## Your goal
Using the data that follows, output only the lines from the line with "Aanhangwagen met huif" up to and including the line with "23287 SW 60th Avenue, Boca Raton, FL 33428", exactly, leaving pictures aside.

## Recorded data
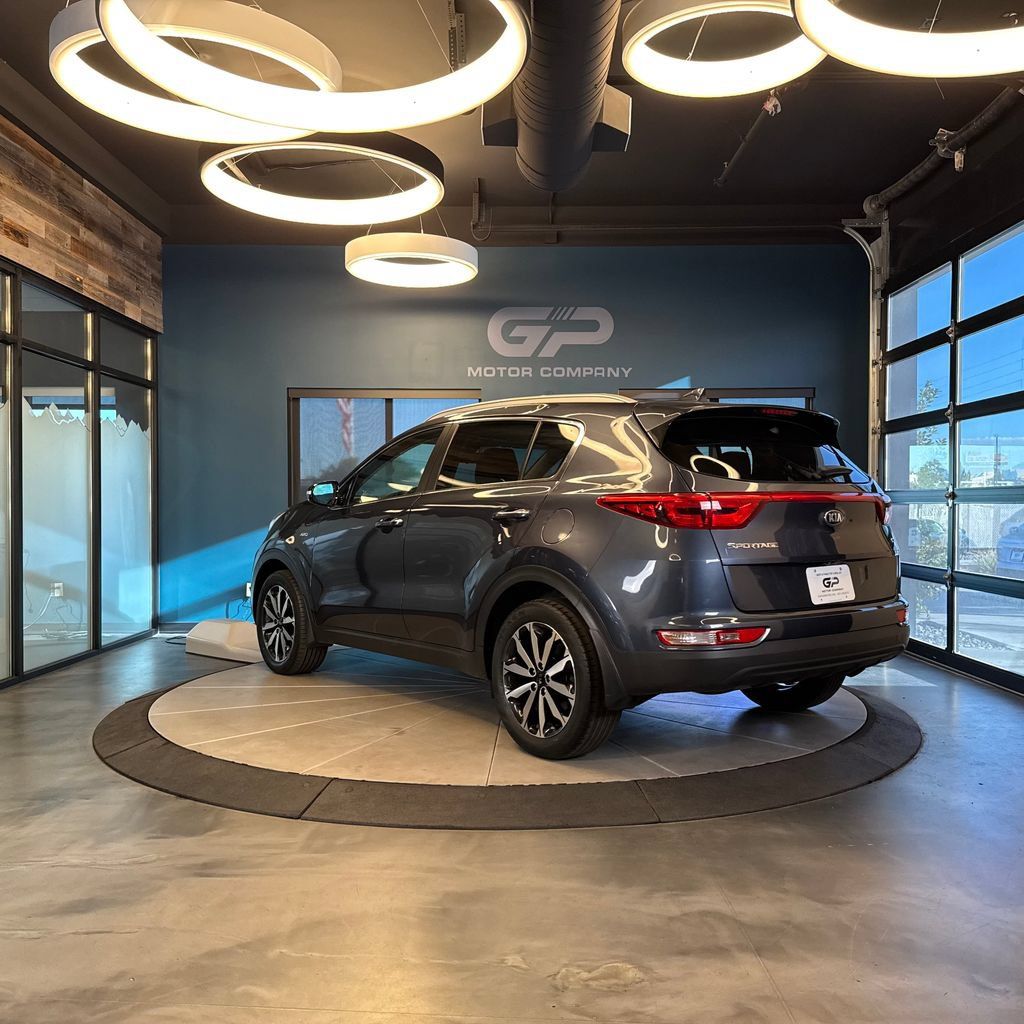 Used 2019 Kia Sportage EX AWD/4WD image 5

...

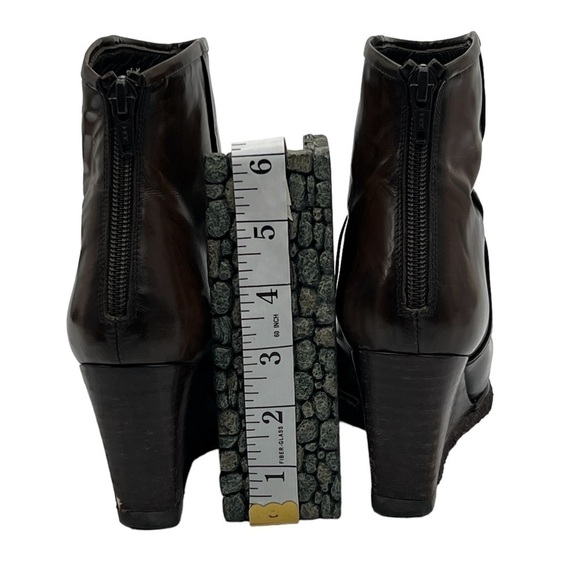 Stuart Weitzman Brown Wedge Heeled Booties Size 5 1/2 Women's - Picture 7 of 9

* * *

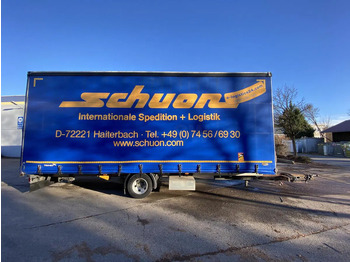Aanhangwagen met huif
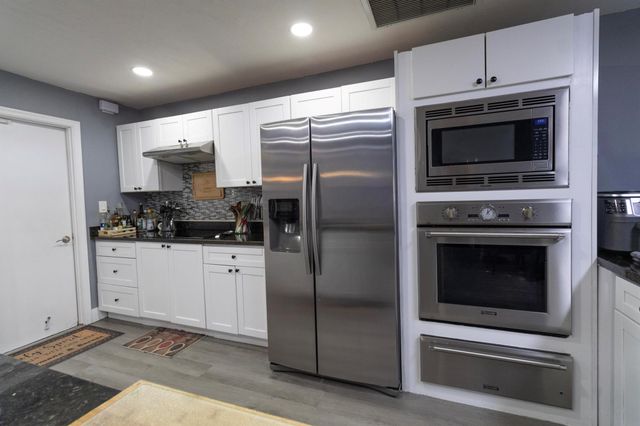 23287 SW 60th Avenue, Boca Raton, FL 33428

## Solution for this problem
Aanhangwagen met huif
 23287 SW 60th Avenue, Boca Raton, FL 33428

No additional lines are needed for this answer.